ACTIVITY → If an entry holds a picture, leave the picture out and copy the rest exactly.

** GIVEN RECORDS follows **

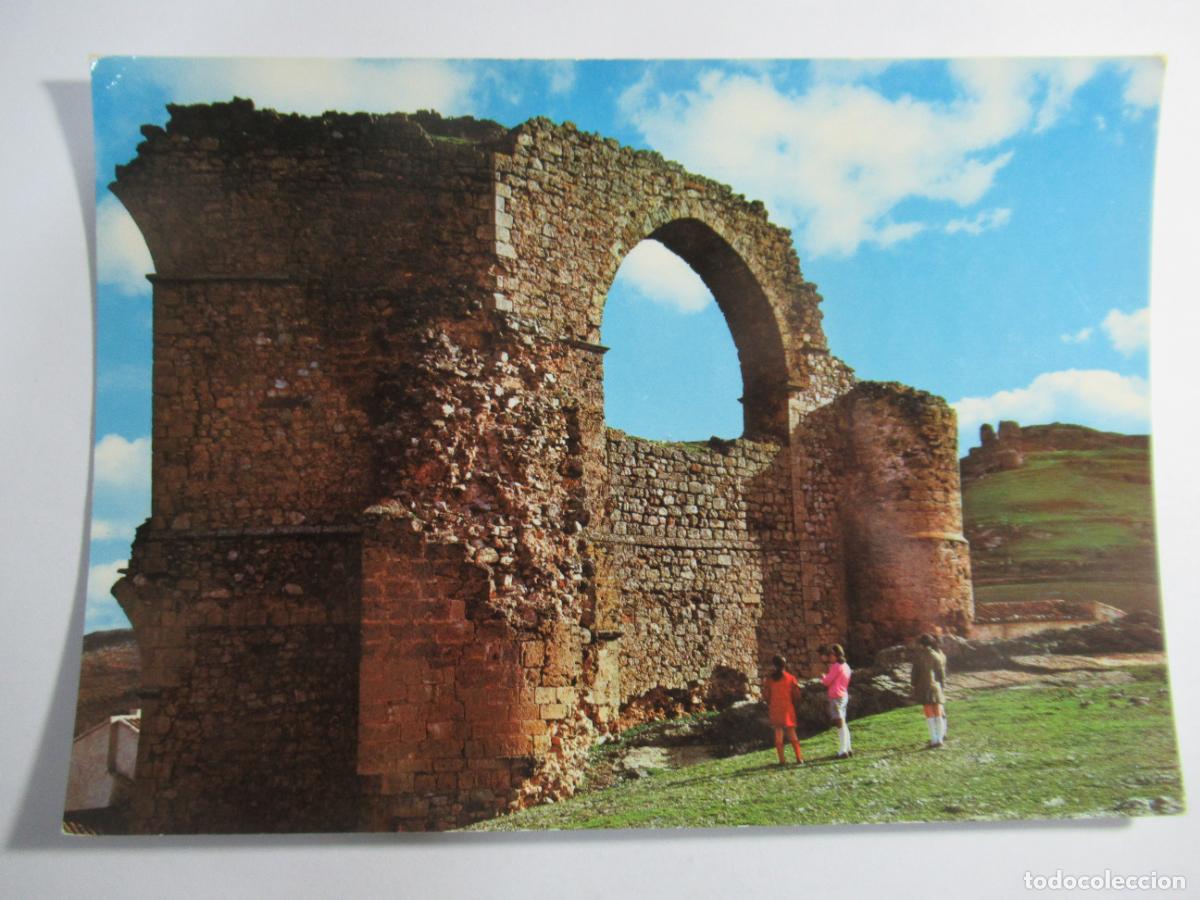 Postales: Alcaraz (Albacete) - Acueducto &Aacute;rabe - S/C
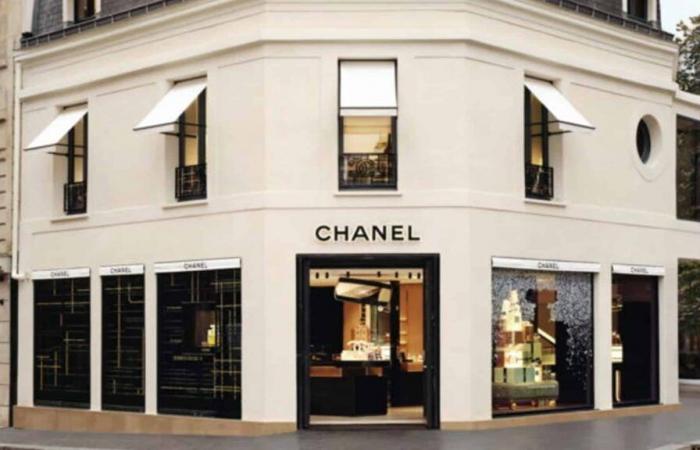 Chanel abre una Beauty House en París – Paris Select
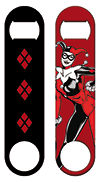 Harley Quinn Bar Blade Iconic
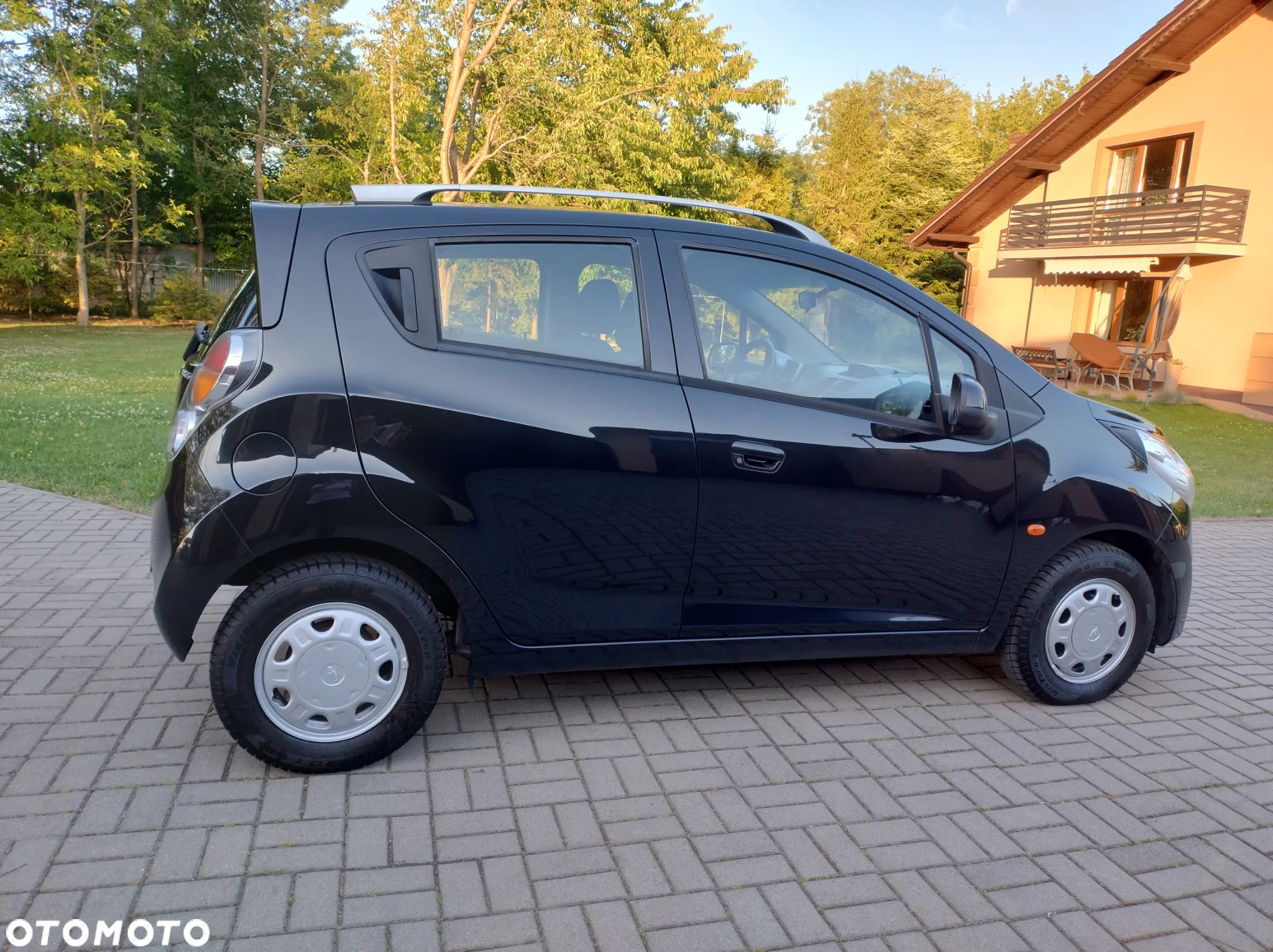 Chevrolet Spark 1.2 LT - 7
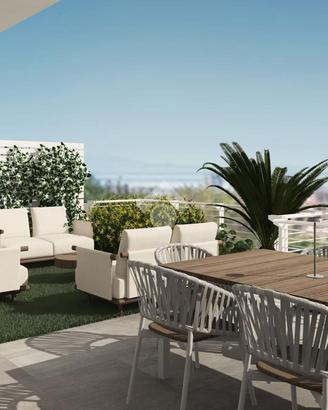 VILLA A SCHIERA A SALERNO
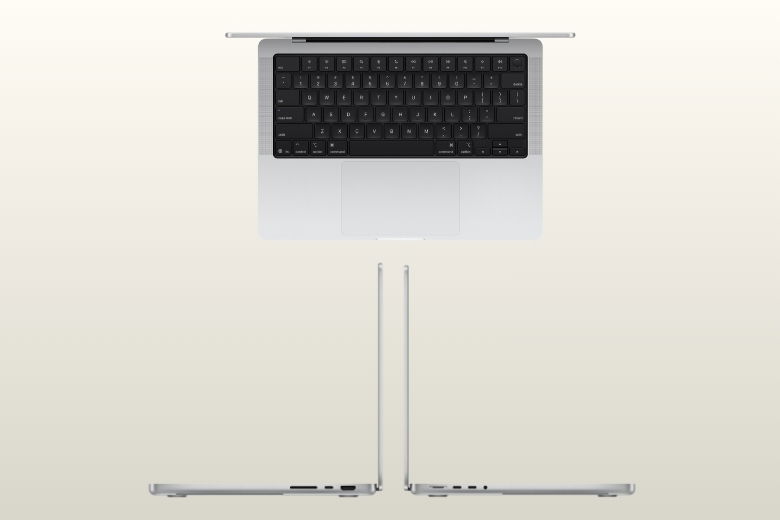 MacBook Pro 2025 14 inch M5 16GB/1TB thiết kế nhôm mỏng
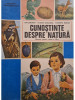 Ion Serdean - Cunostinte despre natura - Manual pentru clasa a III-a (editia 1990)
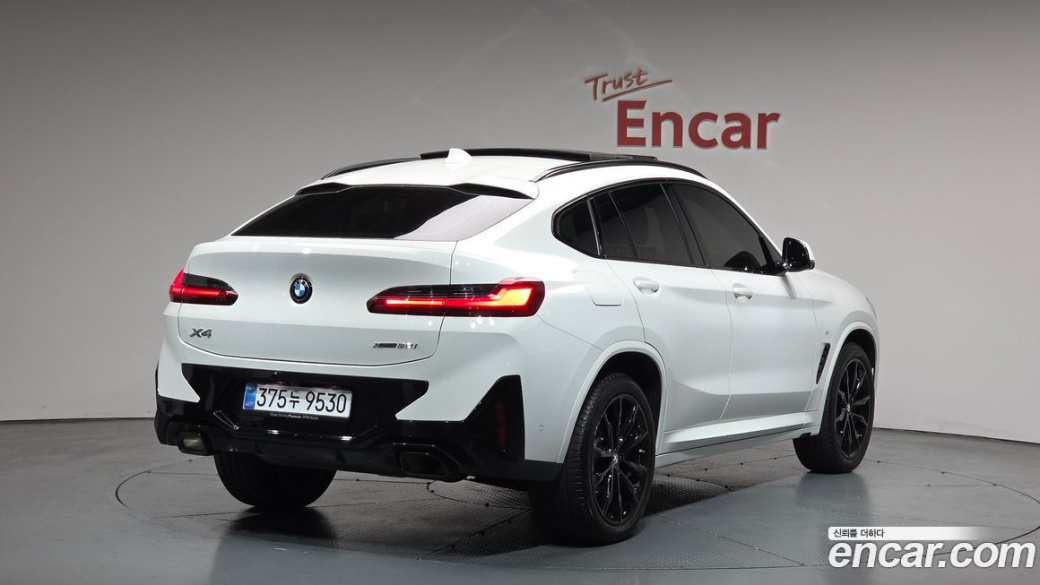 BMW X4 xDrive20i M Sport Pro Special Edition, 2025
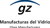 GZ Glass Manufacturers Logotype
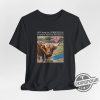 Highland Cow Hos Long For Corruption To End In Ma Fkr Shirt Justice For Officer John Shirt Karen Read Trial Trendy Hos Long Shirt trendingnowe 2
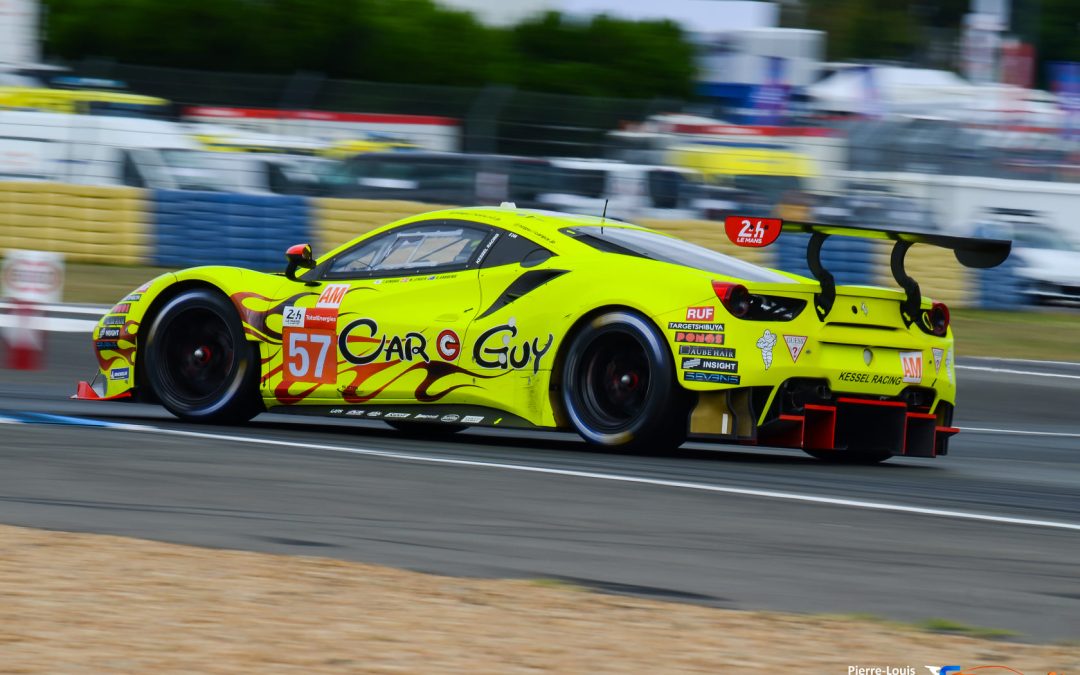 Ces pilotes qui devront obligatoirement rouler à la Journée Test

** End of GIVEN RECORDS **

FINAL ANSWER →
 Postales: Alcaraz (Albacete) - Acueducto &Aacute;rabe - S/C
 Chanel abre una Beauty House en París – Paris Select
 Harley Quinn Bar Blade Iconic
 Chevrolet Spark 1.2 LT - 7
 VILLA A SCHIERA A SALERNO
 MacBook Pro 2025 14 inch M5 16GB/1TB thiết kế nhôm mỏng
 Ion Serdean - Cunostinte despre natura - Manual pentru clasa a III-a (editia 1990)
 BMW X4 xDrive20i M Sport Pro Special Edition, 2025
 GZ Glass Manufacturers Logotype
 Highland Cow Hos Long For Corruption To End In Ma Fkr Shirt Justice For Officer John Shirt Karen Read Trial Trendy Hos Long Shirt trendingnowe 2
 Ces pilotes qui devront obligatoirement rouler à la Journée Test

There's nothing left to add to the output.